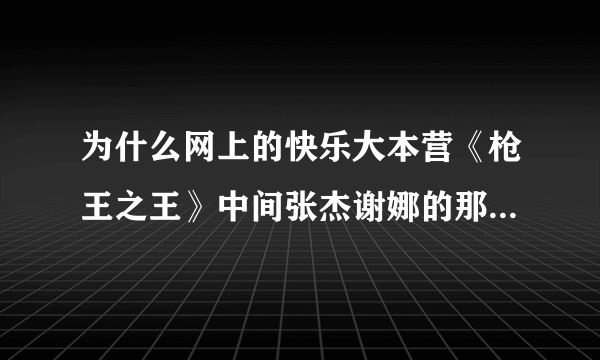 为什么网上的快乐大本营《枪王之王》中间张杰谢娜的那部分都被跳过没有啊，？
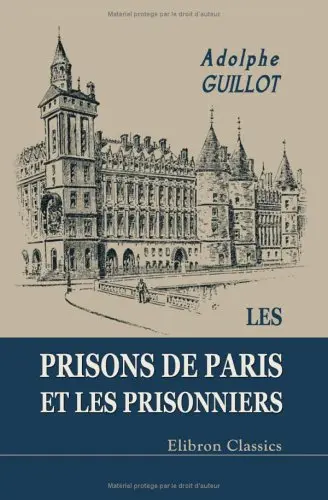 Cover of Les prisons de Paris et les prisonniers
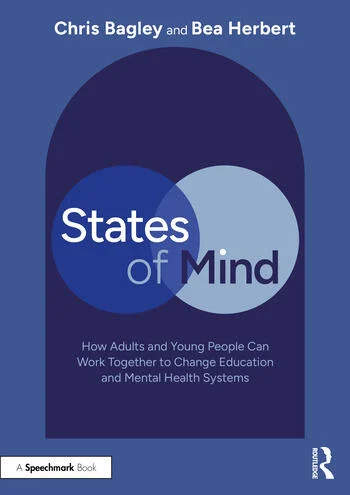 States of Mind How Adults and Young People Can Work Together to Change Education and Mental Health Systems By Chris Bagley, Bea Herbert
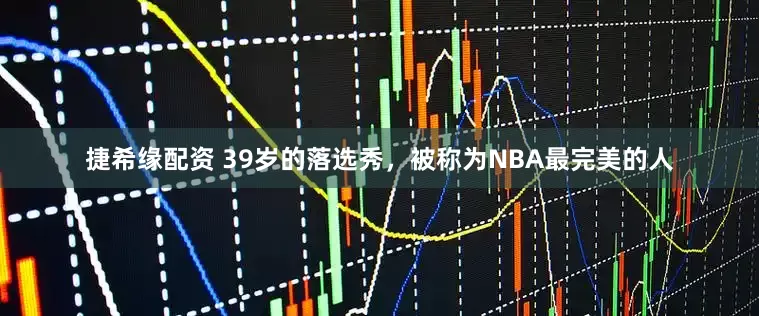 捷希缘配资 39岁的落选秀，被称为NBA最完美的人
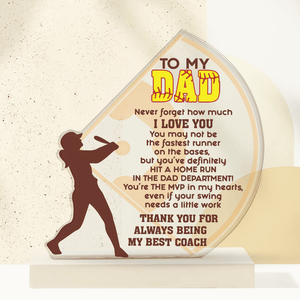 Crystal Plaque - Softball - To My Dad - Never Forget How Much I Love You - Gznf18018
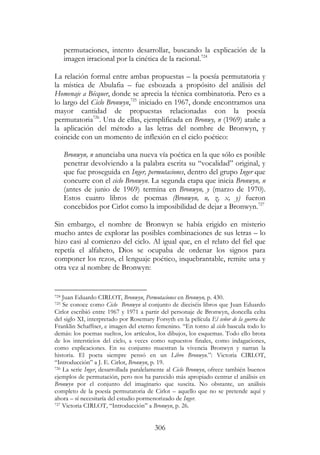 306
permutaciones, intento desarrollar, buscando la explicación de la
imagen irracional por la cinética de la racional.724
La relación formal entre ambas propuestas – la poesía permutatoria y
la mística de Abulafia – fue esbozada a propósito del análisis del
Homenaje a Bécquer, donde se aprecia la técnica combinatoria. Pero es a
lo largo del Ciclo Bronwyn,725
iniciado en 1967, donde encontramos una
mayor cantidad de propuestas relacionadas con la poesía
permutatoria726
. Una de ellas, ejemplificada en Bronwy, n (1969) atañe a
la aplicación del método a las letras del nombre de Bronwyn, y
coincide con un momento de inflexión en el ciclo poético:
Bronwyn, n anunciaba una nueva vía poética en la que sólo es posible
penetrar devolviendo a la palabra escrita su “vocalidad” original, y
que fue proseguida en Inger, permutaciones, dentro del grupo Inger que
concurre con el ciclo Bronwyn. La segunda etapa que inicia Bronwyn, n
(antes de junio de 1969) termina en Bronwyn, y (marzo de 1970).
Estos cuatro libros de poemas (Bronwyn, n, z, x, y) fueron
concebidos por Cirlot como la imposibilidad de dejar a Bronwyn.727
Sin embargo, el nombre de Bronwyn se había erigido en misterio
mucho antes de explorar las posibles combinaciones de sus letras – lo
hizo casi al comienzo del ciclo. Al igual que, en el relato del fiel que
repetía el alfabeto, Dios se ocupaba de ordenar los signos para
componer los rezos, el lenguaje poético, inquebrantable, remite una y
otra vez al nombre de Bronwyn:
724 Juan Eduardo CIRLOT, Bronwyn, Permutaciones en Bronwyn, p. 430.
725 Se conoce como Ciclo Bronwyn al conjunto de dieciséis libros que Juan Eduardo
Cirlot escribió entre 1967 y 1971 a partir del personaje de Bronwyn, doncella celta
del siglo XI, interpretado por Rosemary Forsyth en la película El señor de la guerra de
Franklin Schaffner, e imagen del eterno femenino. “En torno al ciclo bascula todo lo
demás: los poemas sueltos, los artículos, los dibujos, los esquemas. Todo ello brota
de los intersticios del ciclo, a veces como supuestos finales, como indagaciones,
como explicaciones. En su conjunto muestran la vivencia Bronwyn y narran la
historia. El poeta siempre pensó en un Libro Bronwyn.”: Victoria CIRLOT,
“Introducción” a J. E. Cirlot, Bronwyn, p. 19.
726 La serie Inger, desarrollada paralelamente al Ciclo Bronwyn, ofrece también buenos
ejemplos de permutación, pero nos ha parecido más apropiado centrar el análisis en
Bronwyn por el conjunto del imaginario que suscita. No obstante, un análisis
completo de la poesía permutatoria de Cirlot – aquello que no se pretende aquí y
ahora – sí necesitaría del estudio pormenorizado de Inger.
727 Victoria CIRLOT, “Introducción” a Bronwyn, p. 26.
 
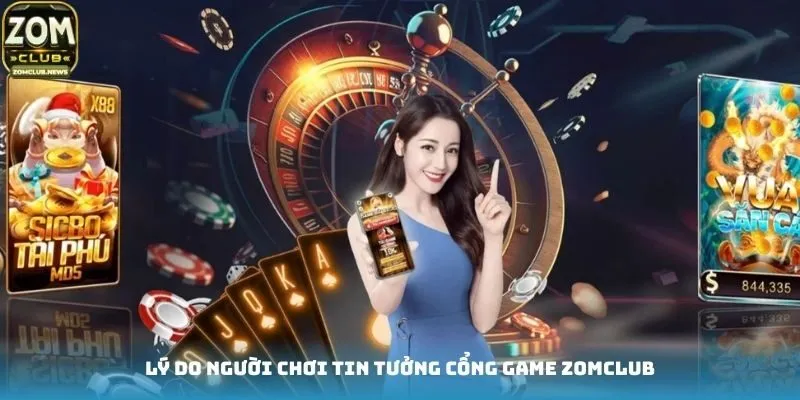 Lý do người chơi tin tưởng cổng game Zomclub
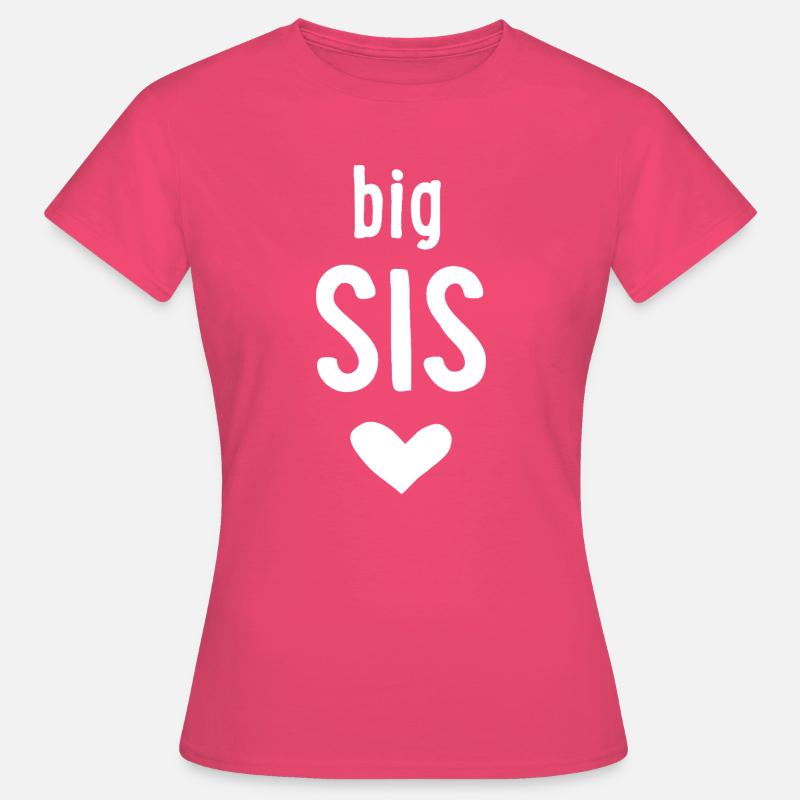 big sis - Women's T-Shirt - azalea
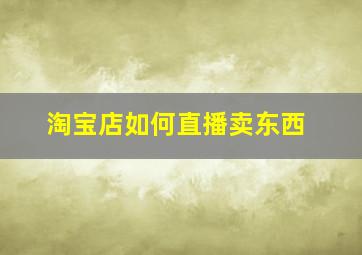 淘宝店如何直播卖东西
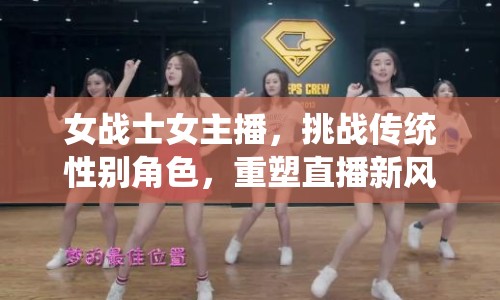 女戰(zhàn)士女主播，挑戰(zhàn)傳統(tǒng)性別角色，重塑直播新風(fēng)尚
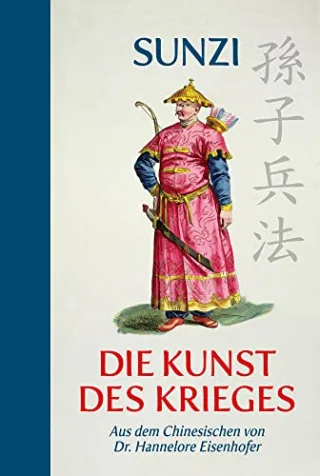 Die Kunst des Krieges: Halbleinen: aus dem Chinesischen übersetzt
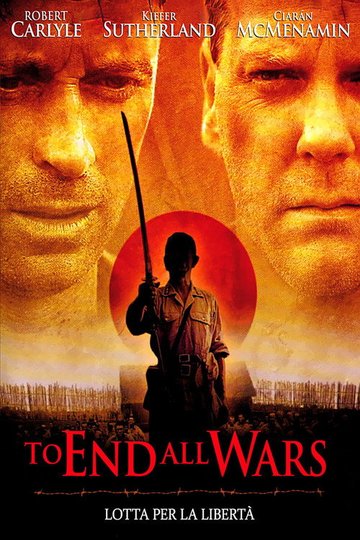 Locandina di To End All Wars - Fight for Freedom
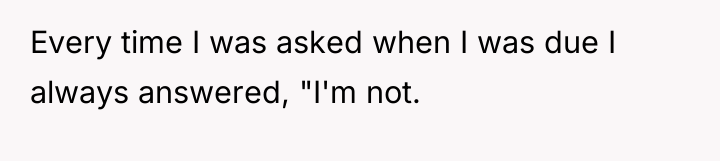 Every time I was asked when I was due I...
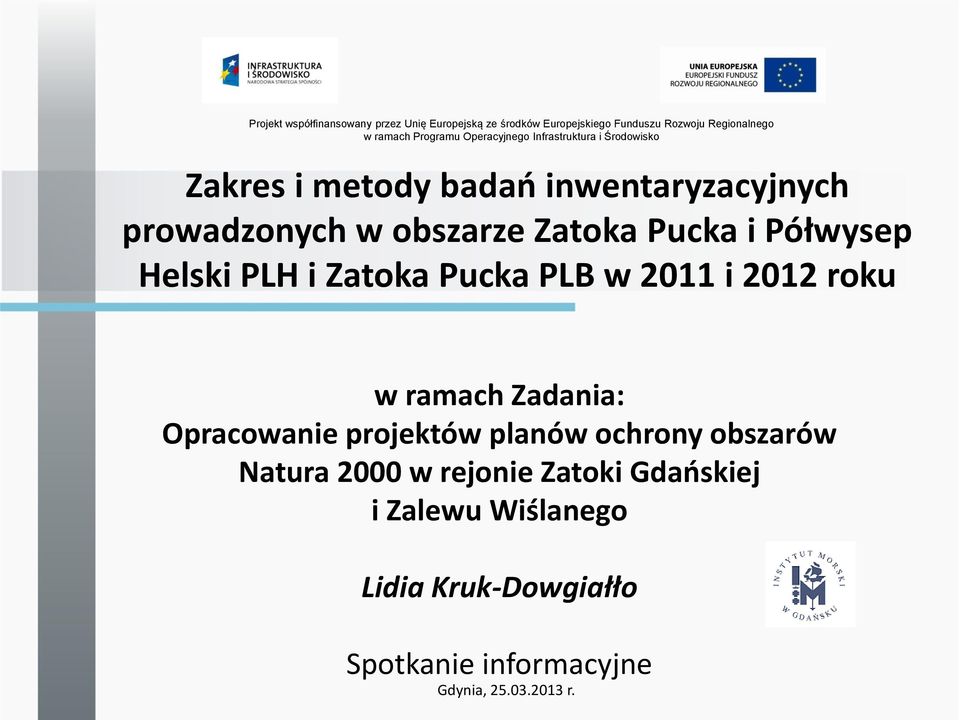 Półwysep Helski PLH i Zatoka Pucka PLB w 2011 i 2012 roku w ramach Zadania: Opracowanie projektów planów ochrony obszarów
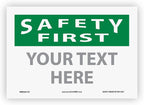Custom OSHA Style Safety First Sign 7" x 10" Adhesive Vinyl Sign, Customizable by NMC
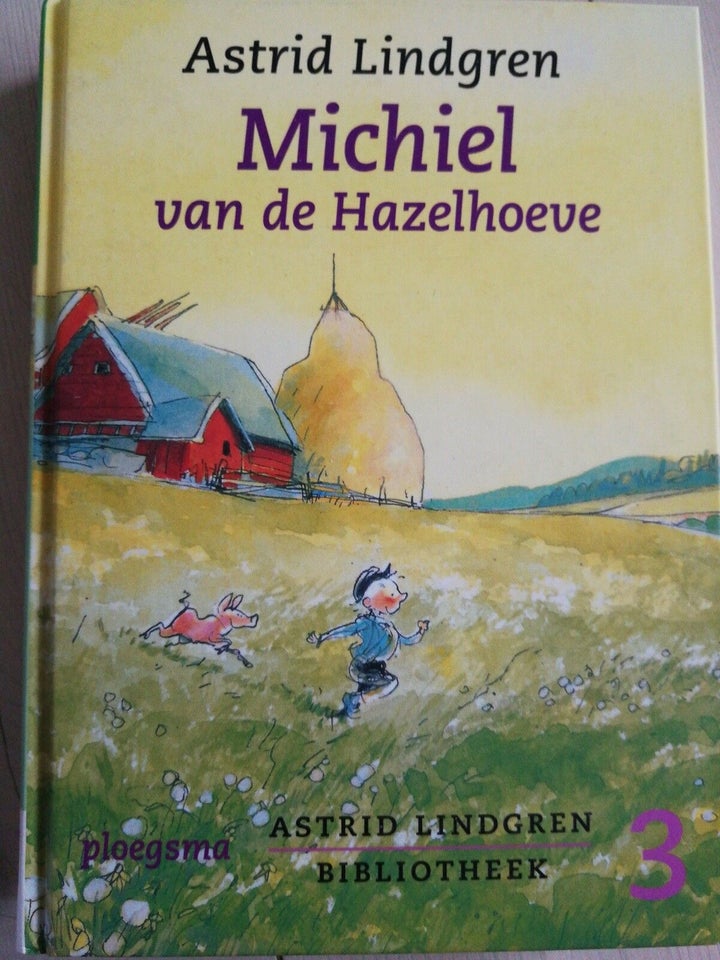 Hollandsk, Michel van de Hazelhoeve, Astrid Lindgren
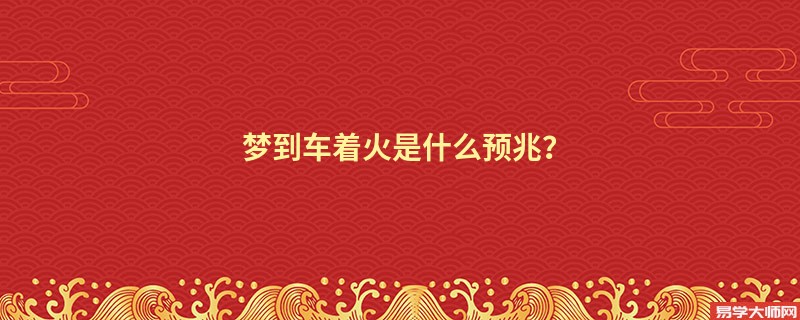 梦到车着火是什么预兆?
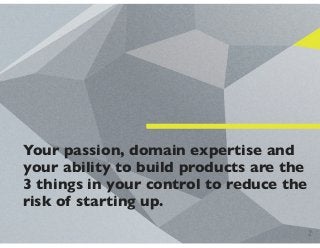 Your passion, domain expertise and
your ability to build products are the
3 things in your control to reduce the
risk of s...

WHAT YOU WILL DO:
Within the listing above, find the line containing "ejemplos de permutación, pero" and the line containing "Półwysep Helski PLH". Transcribe them and everything between them exactly, leaving out the pictures.

WRITTEN ANSWER:
ejemplos de permutación, pero nos ha parecido más apropiado centrar el análisis en
Bronwyn por el conjunto del imaginario que suscita. No obstante, un análisis
completo de la poesía permutatoria de Cirlot – aquello que no se pretende aquí y
ahora – sí necesitaría del estudio pormenorizado de Inger.
727 Victoria CIRLOT, “Introducción” a Bronwyn, p. 26.
 
 Lý do người chơi tin tưởng cổng game Zomclub
 big sis - Women's T-Shirt - azalea
 淘宝店如何直播卖东西
 女戰(zhàn)士女主播，挑戰(zhàn)傳統(tǒng)性別角色，重塑直播新風(fēng)尚
 Die Kunst des Krieges: Halbleinen: aus dem Chinesischen übersetzt
 Locandina di To End All Wars - Fight for Freedom
 Every time I was asked when I was due I...
 Półwysep Helski PLH i Zatoka Pucka PLB w 2011 i 2012 roku w ramach Zadania: Opracowanie projektów planów ochrony obszarów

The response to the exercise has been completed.